United States District Court, S.D. Texas, Corpus Christi Division

November 5, 2019

UNITED STATES OF AMERICA, Plaintiff/Respondent,



         Defendant/Movant Steven Reynaldo Perez filed a motion to vacate, set aside, or correct sentence pursuant to 28 U.S.C. § 2255 challenging the Court's jurisdiction over his criminal conviction for possession with intent to distribute cocaine. D.E. 93[1]; Case No. 2:18-CV-320, D.E. 1.[2] Prior to filing his § 2255 motion, he also filed a motion pursuant to 28 U.S.C. § 2241 raising the same claim, which he later amended. Case No. 2:18-CV-185, D.E. 1, 13. By written Order entered May 13, 2019, the Honorable Hilda G. Tagle construed Movant's § 2241 motion as a motion seeking habeas relief under § 2255 and reassigned the case to the undersigned judge. Id., D.E. 21. Because both motions raise a single, identical claim, the Court will consider them as one § 2255 motion.

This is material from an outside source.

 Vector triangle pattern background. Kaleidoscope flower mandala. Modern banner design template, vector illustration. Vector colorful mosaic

         Now pending is the United States of America's (the “Government”) Motion to Dismiss (D.E. 101), wherein the Government moves the Court to dismiss the motions as untimely, substantively meritless, and procedurally barred. Movant has responded. D.E. 102.

         I. BACKGROUND

         In December 2003, Movant pled guilty to possession with intent to distribute 124.5 grams of cocaine, in violation of 21 U.S.C. §§ 841(a)(1) and 841(b)(1)(C). He was sentenced to 27 months' imprisonment, to be followed by 3 years' supervised release. Judgment was entered February 18, 2004. He did not appeal.

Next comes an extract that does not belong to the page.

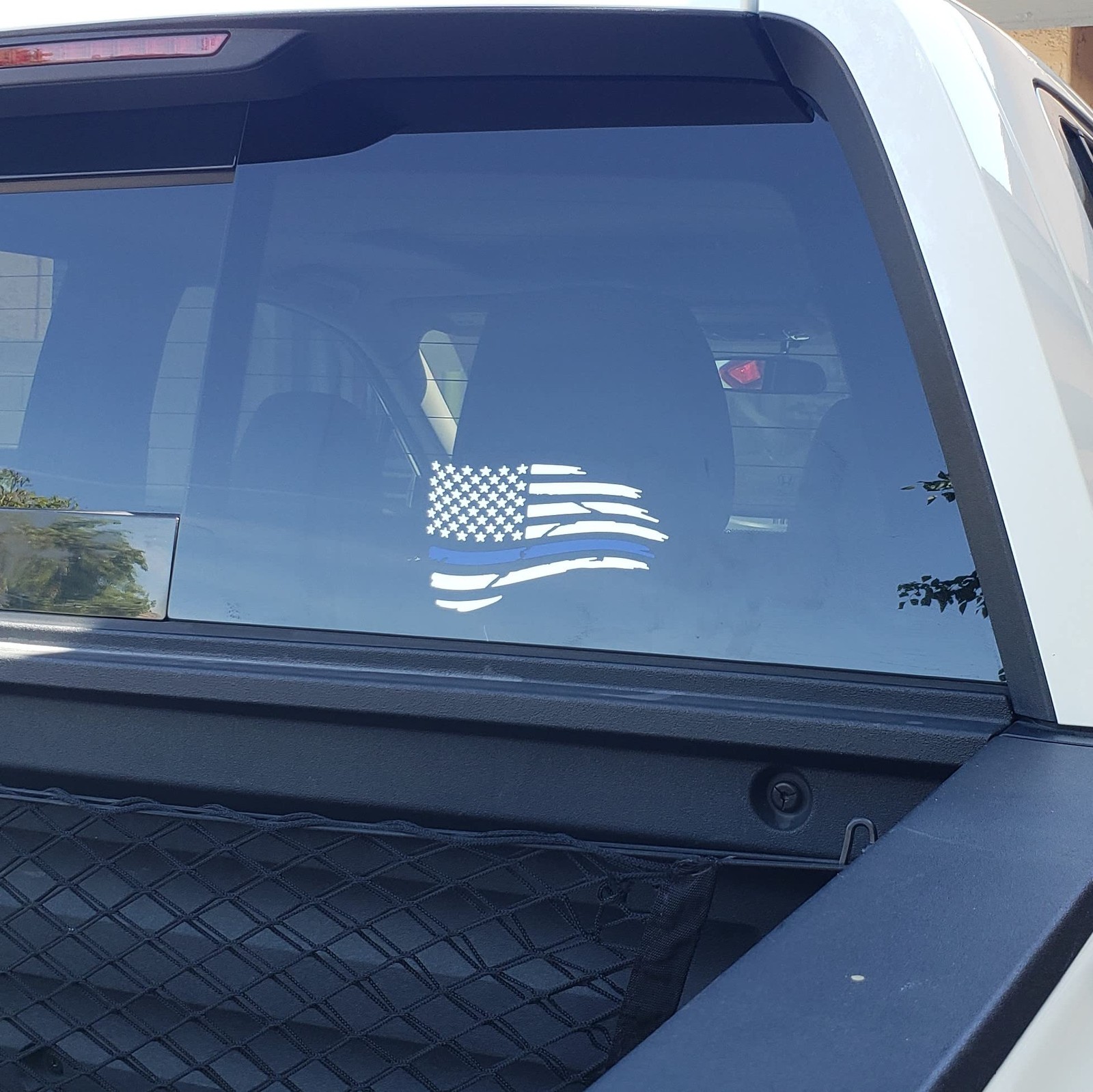 Thin Blue Line American Flag Decal w/Installation Kit (Metallic Silver)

         Movant was released from federal custody in November 2005. However, in July 2008, he was sentenced to an additional 24 months' imprisonment for violating the terms of his supervised release after he was convicted of murder in Texas state court. Movant is currently serving a 60-year sentence in the Texas Department of Criminal Justice (TDCJ), with a projected release date of January 12, 2067. Movant's 24-month supervised release revocation sentence was ordered “to be served consecutively to the state offense the defendant is presently serving.” D.E. 36, p. 3.

         On June 14, 2018, Movant filed his current motion under 28 U.S.C. § 2255 challenging his 2003 conviction for possession with intent to distribute cocaine.[3]


         Movant's motion raises a single ground for relief: There was no quorum in the United States House of Representatives on May 12, 1947, when it passed Public Law 80-772, codified at 18 U.S.C. § 3231. That statute states, “The district courts of the United States shall have original jurisdiction, exclusive of the courts of the States, of all offenses against the laws of the United States.” 18 U.S.C. § 3231. Movant argues that because there was no quorum in the House of Representatives, § 3231 is invalid. Thus, the Court lacked subject matter jurisdiction over Movant's conviction for cocaine trafficking, and he is actually innocent of this offense.

         III. ANALYSIS

         A. 28 U.S.C. § 2255

         There are four cognizable grounds upon which a federal prisoner may move to vacate, set aside, or correct his sentence: (1) constitutional issues, (2) challenges to the district court's jurisdiction to impose the sentence, (3) challenges to the length of a sentence in excess of the statutory maximum, and (4) claims that the sentence is otherwise subject to collateral attack. 28 U.S.C. § 2255; United States v. Placente, 81 F.3d 555, 558 (5th Cir. 1996). “Relief under 28 U.S.C. § 2255 is reserved for transgressions of constitutional rights and for a narrow range of injuries that could not have been raised on direct appeal and would, if condoned, result in a complete miscarriage of justice.” United States v. Vaughn, 955 F.2d 367, 368 (5th Cir. 1992) (per curiam). In addition, “a collateral challenge may not do service for an appeal.” United States v. Frady, 456 U.S. 152, 165 (1982).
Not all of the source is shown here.